What to produce => The answer is the full listing restated exactly, without any pictures.

Dataset excerpt =>
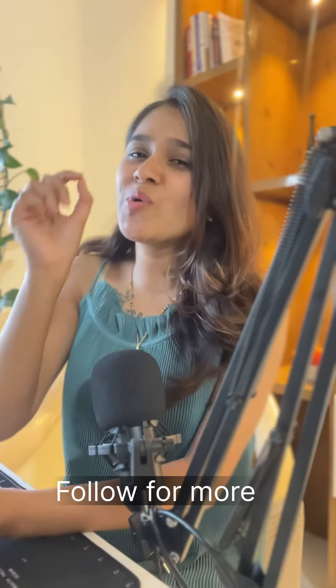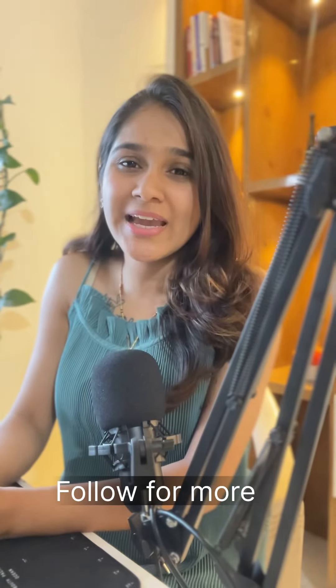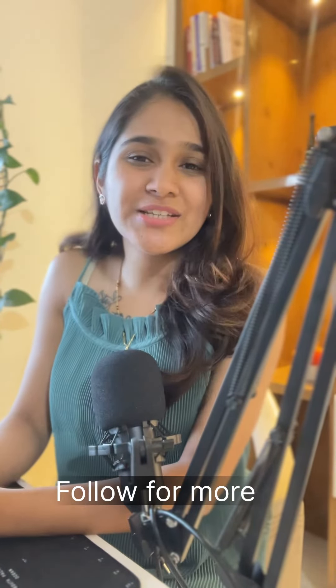I hope you guys found these hacks helpful. Do follow me for more such videos. Bye bye!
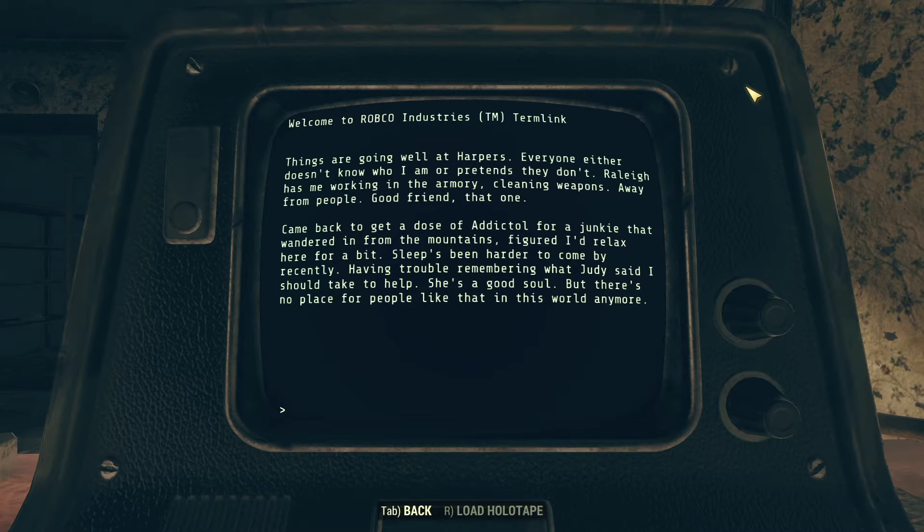Blackwell's next terminal entry is titled 'Been a While': 'Things are going well at Harper's. Everyone either doesn't know who I am or pretends they don't. Raleigh has me working in the armory, cleaning weapons, away from people. Good friend, that one. Came back to get a dose of Dictal for a junkie that wandered in from the mountains. Figured I'd relax here for a bit. Sleep's been harder to come by recently. Having trouble remembering what Judy said I should take to help. She's a good soul, but there's no place for people like that in this world anymore.' After some time passed, Blackwell made his way to Harper's Ferry to help the rest of the Free States survivors — and probably to escape his grief and solitude. Here he refers to Judy in the present tense: 'She's a good soul.' His memory of her death may have faded.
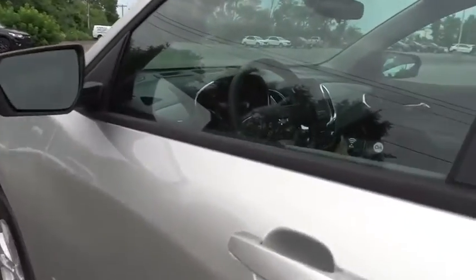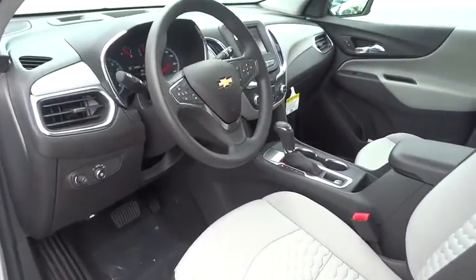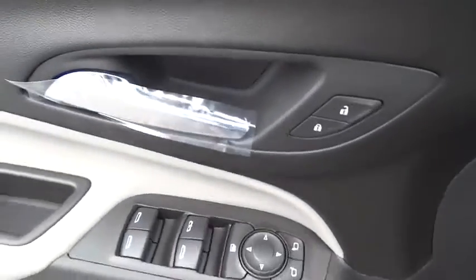Adjustable steering wheel, cruise control, floor mats, keyless start, four-wheel disc brakes, aluminum wheels, front-wheel drive, AM-FM stereo radio, rear defrost, power door locks, power windows.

Task answer =>
I hope you guys found these hacks helpful. Do follow me for more such videos. Bye bye!
Blackwell's next terminal entry is titled 'Been a While': 'Things are going well at Harper's. Everyone either doesn't know who I am or pretends they don't. Raleigh has me working in the armory, cleaning weapons, away from people. Good friend, that one. Came back to get a dose of Dictal for a junkie that wandered in from the mountains. Figured I'd relax here for a bit. Sleep's been harder to come by recently. Having trouble remembering what Judy said I should take to help. She's a good soul, but there's no place for people like that in this world anymore.' After some time passed, Blackwell made his way to Harper's Ferry to help the rest of the Free States survivors — and probably to escape his grief and solitude. Here he refers to Judy in the present tense: 'She's a good soul.' His memory of her death may have faded.
Adjustable steering wheel, cruise control, floor mats, keyless start, four-wheel disc brakes, aluminum wheels, front-wheel drive, AM-FM stereo radio, rear defrost, power door locks, power windows.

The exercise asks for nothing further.